Ora... al di là del fatto che una simile morale sia condivisibile o meno (noi personalmente non abbiamo nulla contro)... ciò che ci ha maggiormente irritato di questo film non è poi così dissimile dal problema da noi evidenziato nel successivo Blade Runner 2049: la pochezza di stato d'anima di un autore che parla con retorica e prosopopea di cose che non conosce, cercando in tutti i modi una suggestione a tratti becera ed emotiva e mettendo a questo sordido servizio simboli o archetipi fuori dalla sua portata. Così, fra scene maestore e stupori ostentati, si susseguono piagnistei emotivi ed enigmi cerebrali, si sciorinano verità cosmiche senza un vero fondamento e comunque senza mai cogliere il punto, come dire? iniziatico, sapienziale delle stesse. La tecnologia resta aliena, anche quando terrestre, perché mal intenzionata. La Mutantropia è involontaria, quasi subita, quindi non Mutantropia, oppure quando lo è (la decisione di accettazione finale) è una ben piccola cosa contrabbandata per grande verità. Un polpettone cosmico-patafisico, insomma, capace di suggestionare una mente semplice ma incapace di insegnare alcunché di fondato e definitivo, nonostante l'ausilio di archetipi eterni.
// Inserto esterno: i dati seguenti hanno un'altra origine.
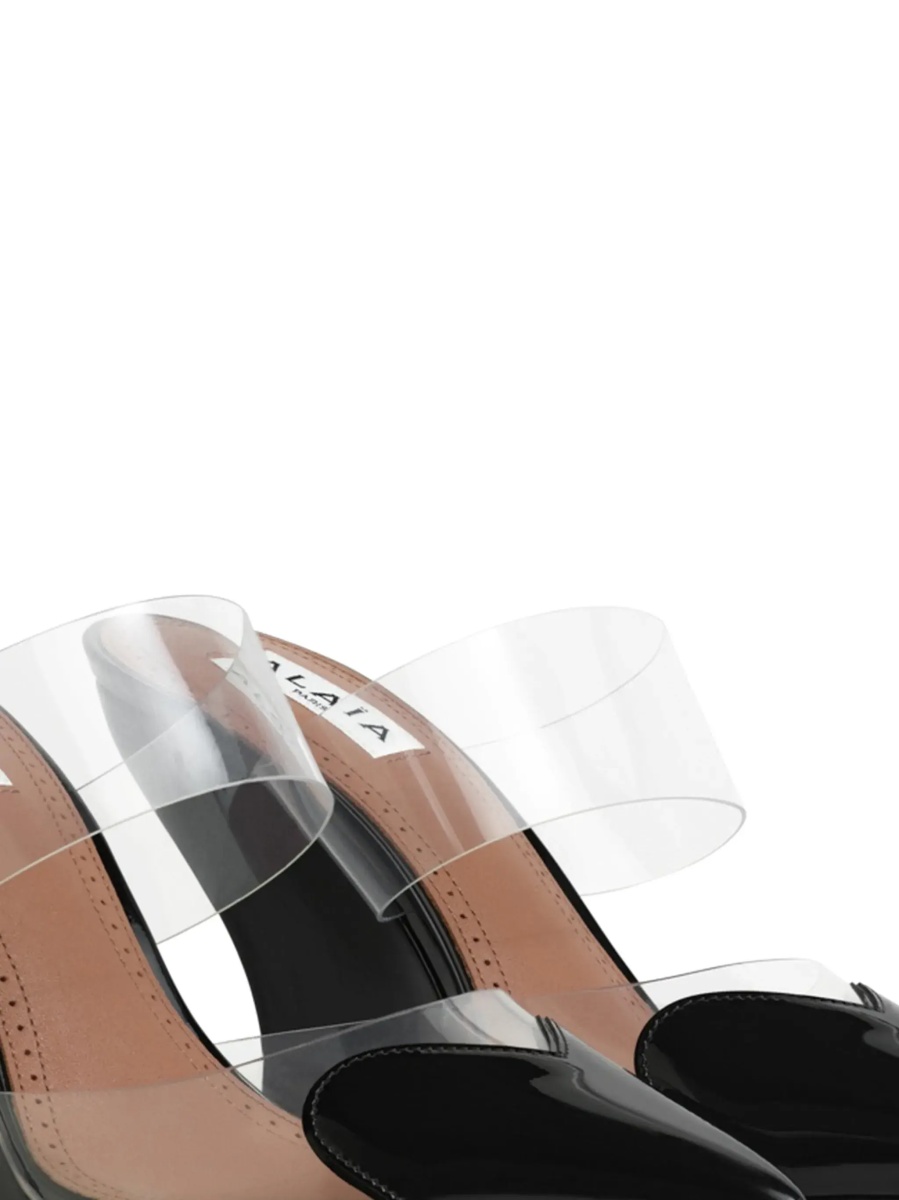 Pantofi "Le Coeur 90MM" Mules - Img 6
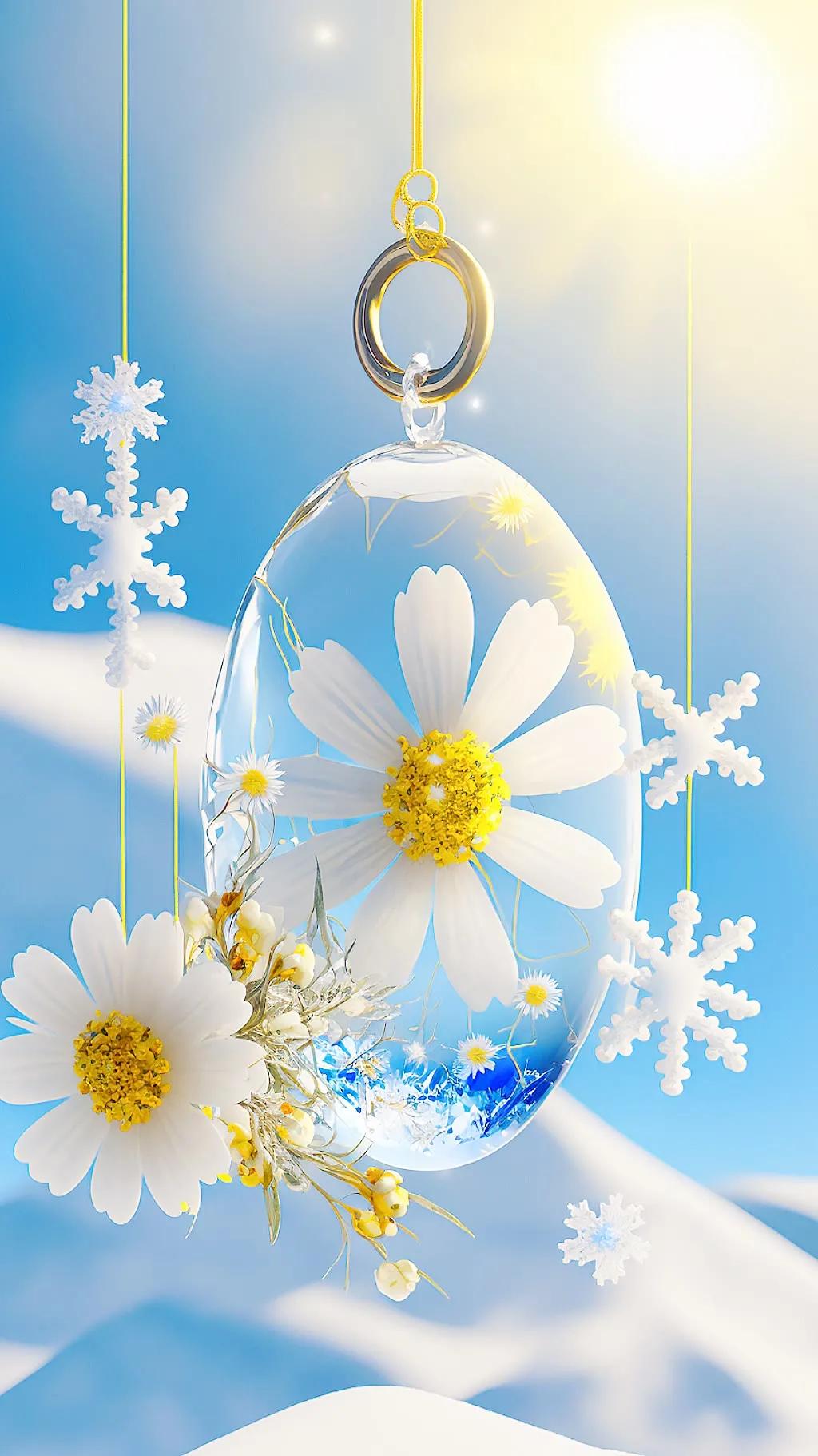 手机壁纸,风铃响,故人归,我在等风起,也在等你回最新消息动态公布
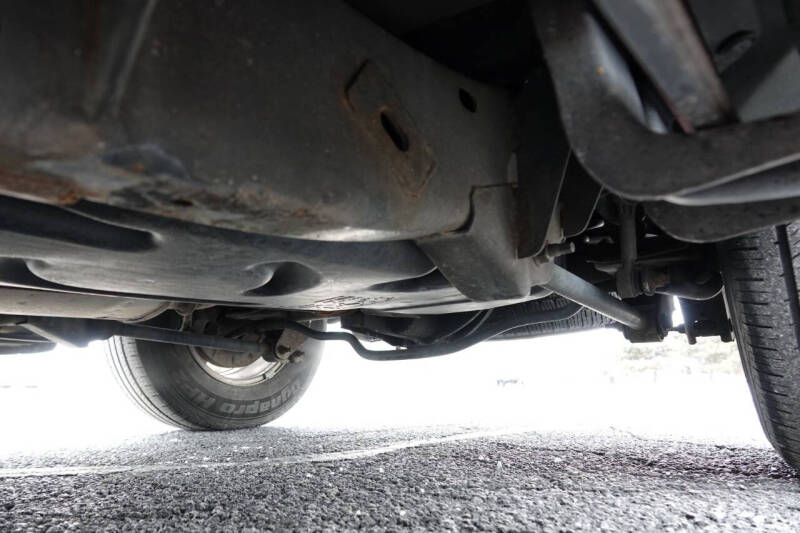 2002 Chevrolet TrailBlazer LTZ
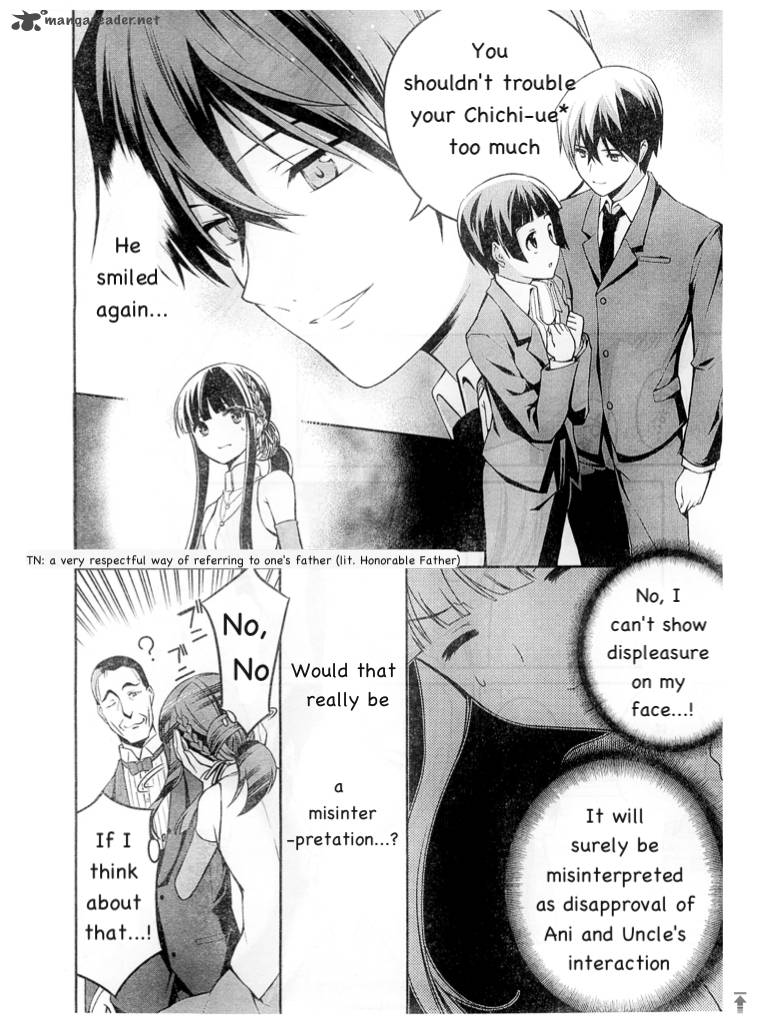 Mahouka Koukou No Rettousei Tsuioku Hen 2 34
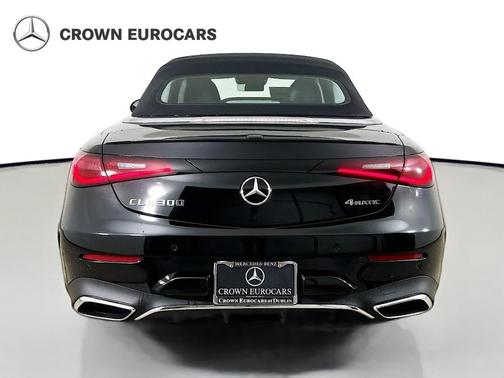 2026 Mercedes-Benz CLE 300 Base 4MATIC
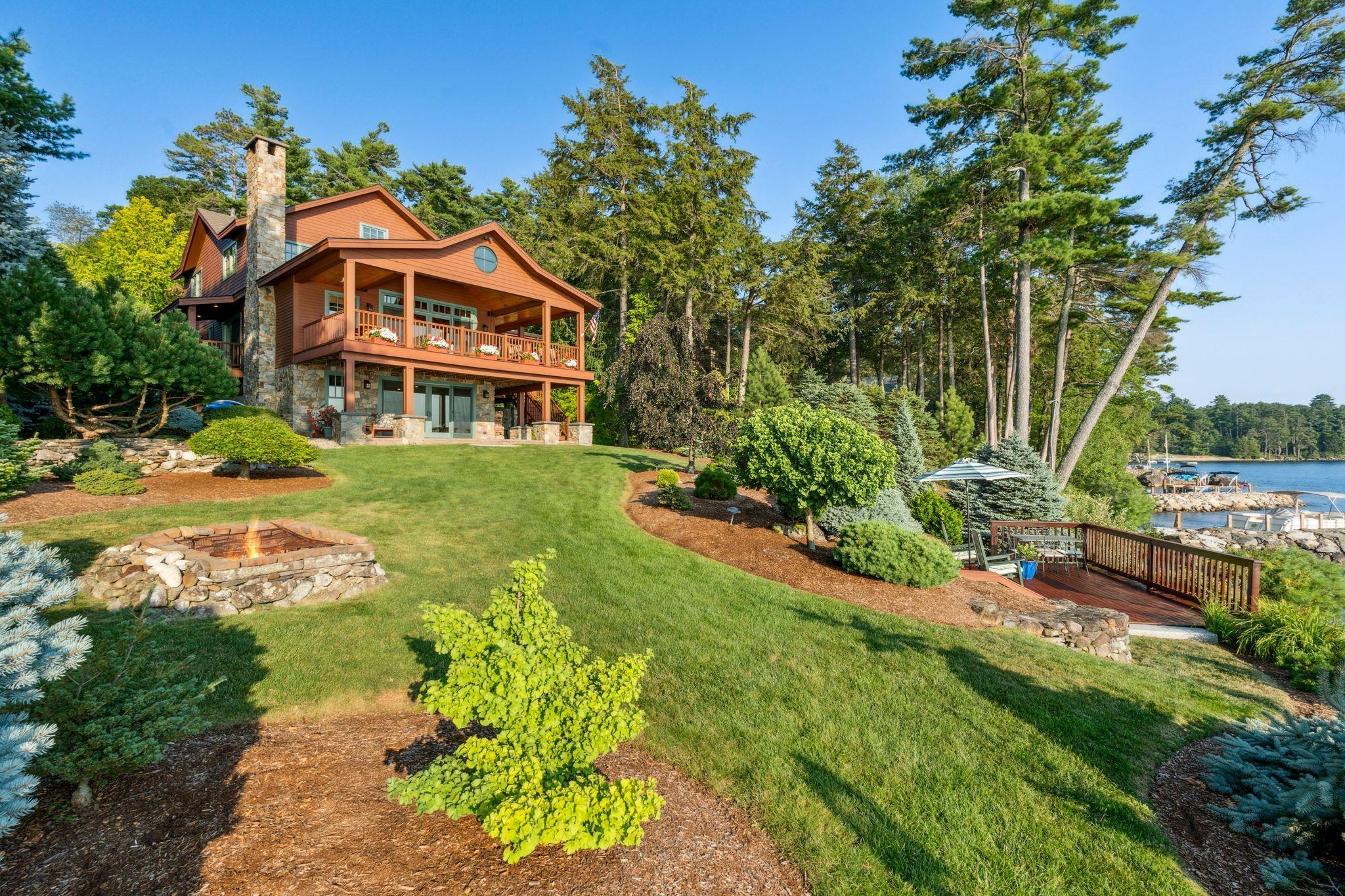 130 West Point Road Moultonborough, NH 03254 - Photo 2 of 40 Gallery Image 2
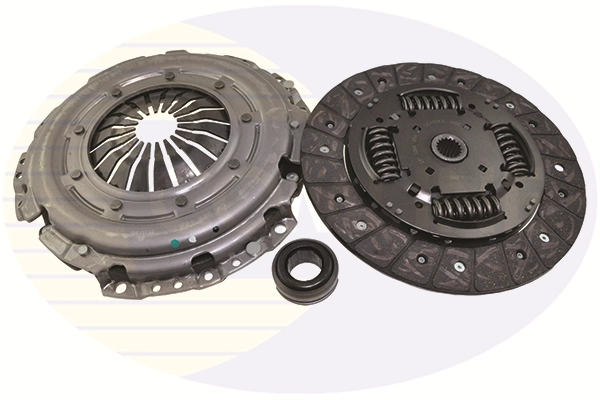 Kit de embrague (3 partes) Citroen C3 SH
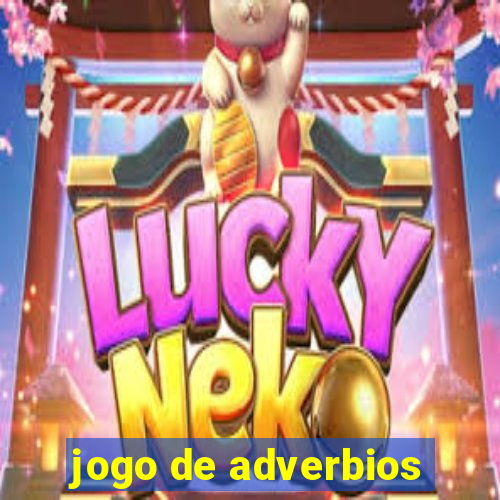 jogo de adverbios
Ne emerge un misticismo stucchevole e inconcludente, frutto dei compromessi contraddittori di un'opera divisa fra suggestione e botteghino, e della pochezza d'anima (vogliamo dire di capacità intellettuale elevata?) dei suoi autori.

In conclusione: ci fa piacere dedurre come questo secolo "osceno e pavido" (cit.) metta le tematiche mutantropiche e trascendenti al centro della sua attenzione. Ci lasciano perplessi i risultati, come se in giro non ci fossero intellettuali capaci o almeno degni di questo nome, o come se ormai fosse troppo tardi per tentare la minima inversione di tendenza, nonostante i capitali investiti. O, peggio, come se ci fosse dietro un'oscura intenzione. Perché, per carità, se è vero come è vero che una brutta ricerca è sempre meglio della sua totale mancanza, è anche vero non c'è osnoblosi peggiore del contrabbandare una verità Sacra per una carambola inconcludente, per un piacevole entertainment che un po' ti appassiona e un po' ti suggestiona, tanto poi passa presto nel grigiore ripetitivo delle nostre esistenze qualsiasi. 


Diciamo che se fossimo sospettosi ci riferiremmo a un celebre autore del secolo scorso che chiamava questa particolare forma di osnoblosi "controiniziazione". In realtà sappiamo riconoscere la semplice pochezza autoriale.